Extreme Channel Prior Embedded Network for Dynamic Scene Deblurring
This work addresses image deblurring for computer vision applications, presenting an incremental improvement by incorporating known priors into a neural network framework.
The authors tackled dynamic scene deblurring by proposing an Extreme Channel Prior embedded Network (ECPeNet) that integrates extreme channel priors and sparse regularization into a multi-scale architecture, achieving favorable performance against state-of-the-art methods on GoPro and Kohler datasets.

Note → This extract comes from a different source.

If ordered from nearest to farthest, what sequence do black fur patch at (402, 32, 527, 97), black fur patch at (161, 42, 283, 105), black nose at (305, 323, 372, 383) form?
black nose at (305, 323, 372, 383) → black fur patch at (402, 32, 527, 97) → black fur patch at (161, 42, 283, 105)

Recent years have witnessed the significant progress on convolutional neural networks (CNNs) in dynamic scene deblurring. While CNN models are generally learned by the reconstruction loss defined on training data, incorporating suitable image priors as well as regularization terms into the network architecture could boost the deblurring performance. In this work, we propose an Extreme Channel Prior embedded Network (ECPeNet) to plug the extreme channel priors (i.e., priors on dark and bright channels) into a network architecture for effective dynamic scene deblurring. A novel trainable extreme channel prior embedded layer (ECPeL) is developed to aggregate both extreme channel and blurry image representations, and sparse regularization is introduced to regularize the ECPeNet model learning. Furthermore, we present an effective multi-scale network architecture that works in both coarse-to-fine and fine-to-coarse manners for better exploiting information flow across scales. Experimental results on GoPro and Kohler datasets show that our proposed ECPeNet performs favorably against state-of-the-art deep image deblurring methods in terms of both quantitative metrics and visual quality.